They shouldn't. But will they? Won't they? And they're gonna

run away with this million dollars together. But Colt, being cult,

totally easily fools Mystere and just runs

off to Hong Kong. Leaving her at the airport.

And he boards the plane with all the money, and he.

And he calls her. He calls her at

customs. Like, by the way, it ain't going to work out. See you.

I'm taking all the money. We see him in Hong Kong, you know,

living the flashy lifestyle. I like to assume that he's only been

there for like four hours and

he set up in a hotel and he's. He's picking girls from a

pimp there for his. His fun night. But of course he wants the

bus girl, not one of the actual sex workers.

And of course the pimp's like, oh, that can be arranged. And I was like,

yeah, that can be arranged. Because the girl who's cleaning the table over there,

she is excited. She's like, whoa, Colt, that's my cup of tea.

At least she was consenting. That's right. And he didn't hit her yet

or anything. What a great guy. What a wonderful gentleman he is. Yeah,

she'll find out the baggage that he brings later. But of course, who shows up

at his hotel door but Mystere? And instead

of killing him and taking the money because she does have a gun.

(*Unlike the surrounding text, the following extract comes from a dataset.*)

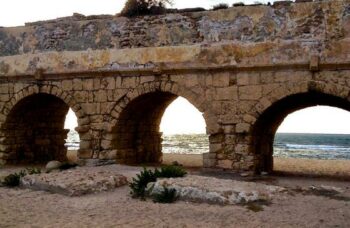 Outpouring the holy spirit in ceasarea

Point at him. Yep, she has the upper hand.

They make love and then that's it. They're together now like,

like they cut back after them having sex.

You know what it was? She was so turned off by his bedroom

that just seeing him outside in another bedroom

that was clean, just like, oh, whoa, this dude. It changed everything.

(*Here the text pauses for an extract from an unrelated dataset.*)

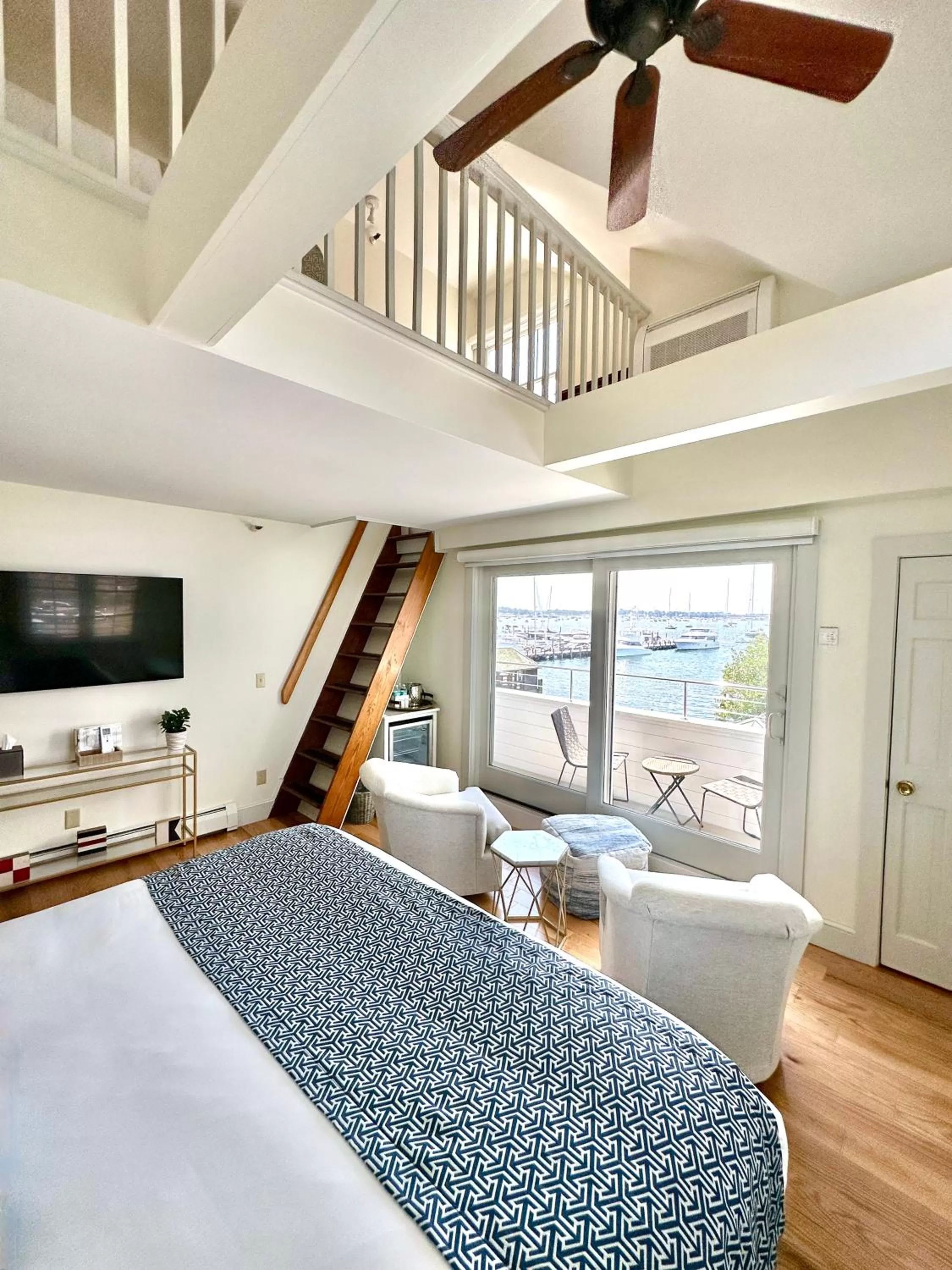 Seating area, Bed in Harborside Inn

Yeah, this room smells fresh.

Beautiful. So they make love and then they're all

lovey dovey, holding each other and talking about the future or some.

And Mr. Ivanov shows up as the. The bellboy

slash room service bringer guy. Was he just waiting

for them to order room service? Yeah. In your version,

what did Colt say when he placed the order? Oh, he ordered.

I know he ordered champagne and something

about Chinese food. I don't remember. They're like, what would you like to eat?

And he's like, I don't know, something Chinese. It's like,

okay, we'll bring you some dumplings, I guess.

Asshole. Idiot. See, that's the thing. I wouldn't.

I would go to Hong Kong and I would go through the

million dollars just eating. Like I'd

be staying in the finest hotels. Oh, man,

I'd be like, do y' all have like a museum for

Hong Kong? Like, can I meet Anthony Wong? I want to meet Stephen

Chow or something like that would be the greatest thing that ever happened to me.

Like, is Anita Mui around?

Like, we. She doesn't want to talk to you, dude.

Anyway, so they kill. We get an

almost good dummy death. I wish the Dummy Death had been a little more fake

when. Right. It was, like, too good. Yeah. Ivanhoe gets

thrown out the window. Of course, we get some more nunchuckery from

Colt. Oh, yeah. It was a nunchuck versus knife.

Yeah. And, you know, I just. Oh, man. To the actor's

credit, he looks like he knows what he's doing with the nunchucks.

It's just such an obscenely dorky weapon that,

like, nobody looks cool doing it except Bruce Lee,

maybe. Maybe Sammo Hung could do it. But Sammo

Hung, everything he does is perfect. So. And finally,

they're on it. They're on a little boat together out in the bay there in

Hong Kong, and the Ivanov's

henchmen is in a helicopter going, hey, look, it's them.

Whoa. And I can't read his expression or what he's gonna do.

They just see them and leave. Oh, this is the beginning. Like,

this could have been mysterious part two. Yeah. Begins right here.

Because they were watching with binoculars.

They were locked in. And who knows where the story goes

after that? Will there be more betrayals? More blackmail?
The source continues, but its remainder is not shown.